Sun Cluster System Administration Guide for Solaris OS

Shutting Down and Booting a Cluster Overview

The Sun Cluster scshutdown(1M) command stops cluster services in an orderly fashion and cleanly shuts down the entire cluster. You might do use the scshutdown command when moving the location of a cluster. You can also use the command to shut down the cluster if you have data corruption caused by an application error.


Note –

Use the scshutdown command instead of the shutdown or halt commands to ensure proper shutdown of the entire cluster. The Solaris shutdown command is used with the scswitch(1M) command to shut down individual nodes. See How to Shut Down a Cluster or Shutting Down and Booting a Single Cluster Node for more information.

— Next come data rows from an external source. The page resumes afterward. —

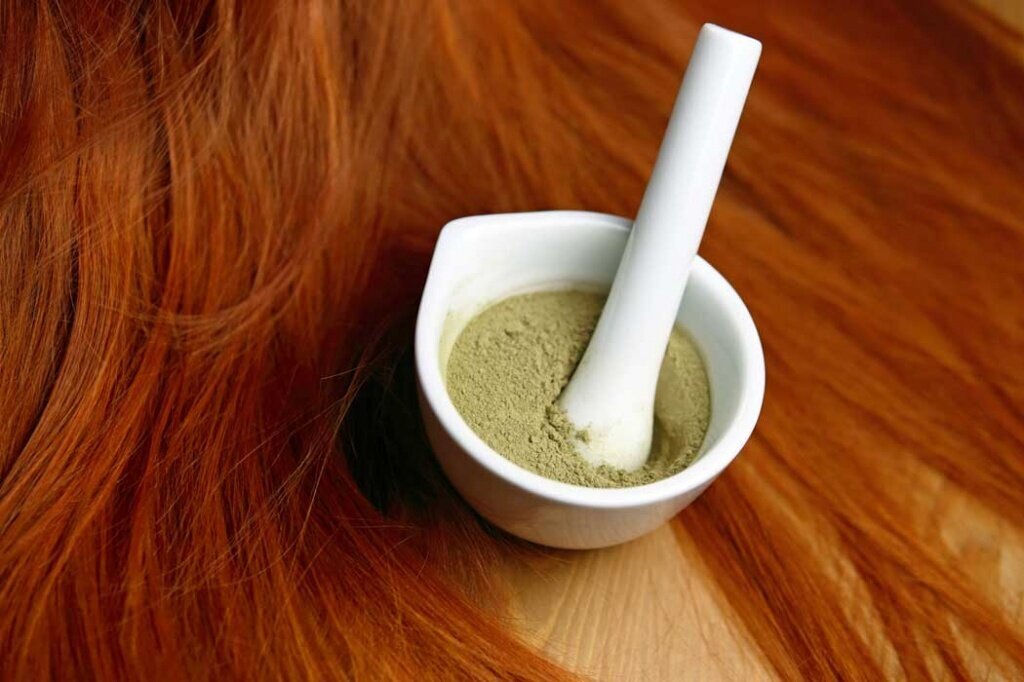 Хна для волос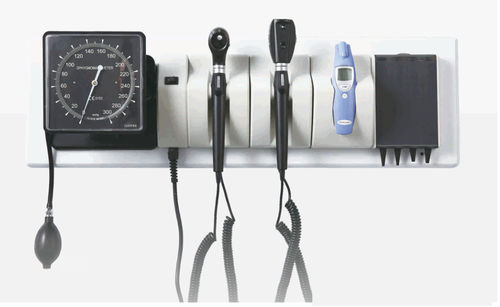 Estação de diagnóstico otoscópio - HS-S100 - Zhejiang Honsun Medical Technology - oftalmoscópio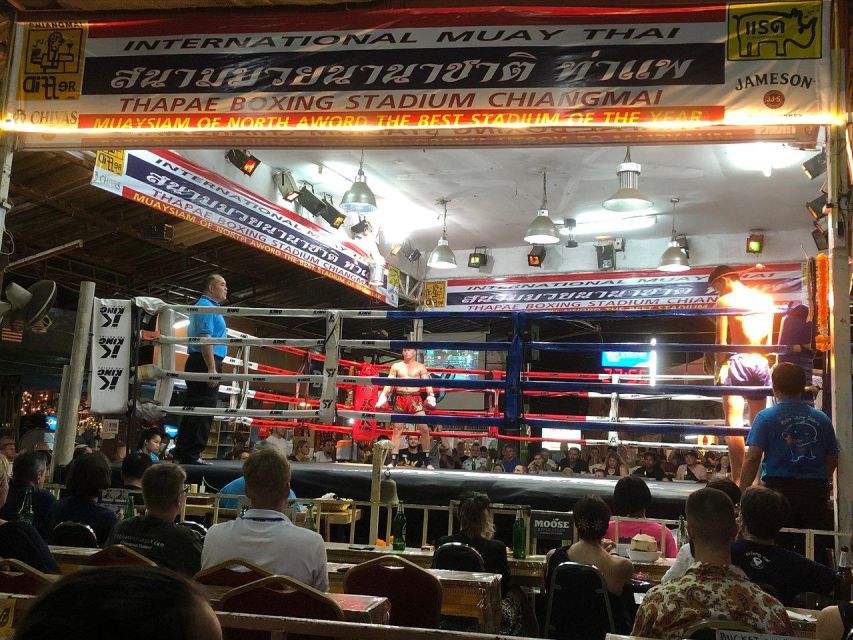 Chiang Mai: Thapae Boxing Stadium Muay Thai Match Ticket - Key points to know before you book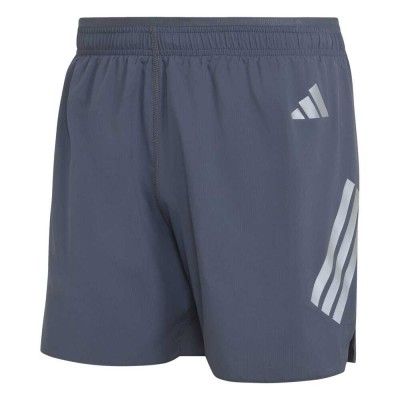 ADIDAS PANTALON CORTO ADI365 GRIS HOMBRE VISTA FRONTAL,ARISTARUN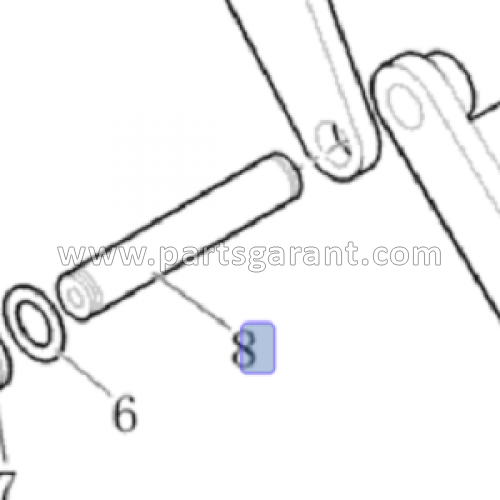 New Holland B90B Backhoe Bucket Pin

The scshutdown command stops all nodes in a cluster by:

  1. Taking all running resource groups offline.

  2. Unmounting all cluster file systems.

  3. Shutting down active device services.

  4. Running init 0 and bringing all nodes to the OpenBootTM PROM ok prompt on a SPARC based system or to a boot subsystem on an x86 based system. Boot subsystems are described in more detail in Boot Subsystems in System Administration Guide: Basic Administration.


Note –

If necessary, you can boot a node in non-cluster mode so that the node does not participate in cluster membership. Non-cluster mode is useful when installing cluster software or for performing certain administrative procedures. See How to Boot a Cluster Node in Non-Cluster Mode for more information.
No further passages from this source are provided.